The project aims to understand the initiatives that the governments and non-state actors have been employing to address food and nutrition insecurity, as well as the institutional infrastructure in place and to align this with previous CCAFS work on mainstreaming climate change into policy.
Furthermore, the project aims to identify pathways for scaling nutrition-sensitive technologies taking into consideration the threat of climate change. It aims to conduct participatory policy analysis with farming communities and scenario-based land use planning to inform climate adaptation priorities and nutrition/gender concerns at district level.
- Using CGIAR and CCAFS-generated evidence, policymakers will facilitate the adoption of and investment in nutrition-sensitive and climate-resilient policies.
- Extention workers will adopt the use of tools and methodologies that facilitate nutrition-sensitive adaptation delivery mechanisms.
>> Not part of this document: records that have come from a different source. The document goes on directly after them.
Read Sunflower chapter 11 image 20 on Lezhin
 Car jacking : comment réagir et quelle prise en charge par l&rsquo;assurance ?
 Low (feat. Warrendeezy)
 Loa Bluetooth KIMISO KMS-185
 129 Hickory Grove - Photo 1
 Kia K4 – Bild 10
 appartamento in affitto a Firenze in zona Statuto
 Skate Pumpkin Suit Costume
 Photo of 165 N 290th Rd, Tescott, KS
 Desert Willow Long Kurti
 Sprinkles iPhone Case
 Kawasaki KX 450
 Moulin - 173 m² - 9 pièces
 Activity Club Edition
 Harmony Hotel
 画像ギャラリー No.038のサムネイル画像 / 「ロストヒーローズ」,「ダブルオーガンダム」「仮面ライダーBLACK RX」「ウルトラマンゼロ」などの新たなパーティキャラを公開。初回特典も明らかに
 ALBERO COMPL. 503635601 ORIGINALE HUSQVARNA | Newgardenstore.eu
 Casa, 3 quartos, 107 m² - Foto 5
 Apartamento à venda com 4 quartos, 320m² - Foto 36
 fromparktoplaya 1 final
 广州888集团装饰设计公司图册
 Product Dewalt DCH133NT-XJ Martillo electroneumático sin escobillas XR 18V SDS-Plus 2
- In both Uganda and Ethiopia, the project will use evidence to engage policymakers through learning alliances at the local levels and through specialized meetings including policy windows that exist in the countries.
- The project will influence organizations and institutions at sub-national levels in both Uganda and Ethiopia, adapting plans and directing investment to optimize consumption of diverse nutrient-rich foods, with all plans and investments examined for their gender implications.
The project aims to map out nutritional needs, opportunities and constraints of men, women and youth along the systems pathway based on the impact of climate change on their livelihoods.
Moreover, in the first phase of Policy Action for Climate Change Adaptation (PACCA), efforts aiming at improving climate change adaptation were found to be hampered by a number of issues at both policymaking and implementation levels. The study for gender budgeting in climate change initiatives revealed a big gap that necessitates interventions. It was found that a majority of local governments' plans and strategies are gender blind and those that mention gender do not assign budget resources. Where budgets are given, the activities on which money is spent are not gender transformative. This project seeks to both further understand gender budgeting and engage with decision makers to improve practices.
The project is led by the International Institute of Tropical Agriculture (IITA). The project partners are: Utrecht University, International Center for Tropical Agriculture (CIAT), Ministry of Agriculture, Animal Industry and Fisheries of Uganda (MAAIF), HarvestPlus, Office of the Prime Minister of Uganda, and Ministry of Agriculture and Natural Resources of Ethiopia (MoANR).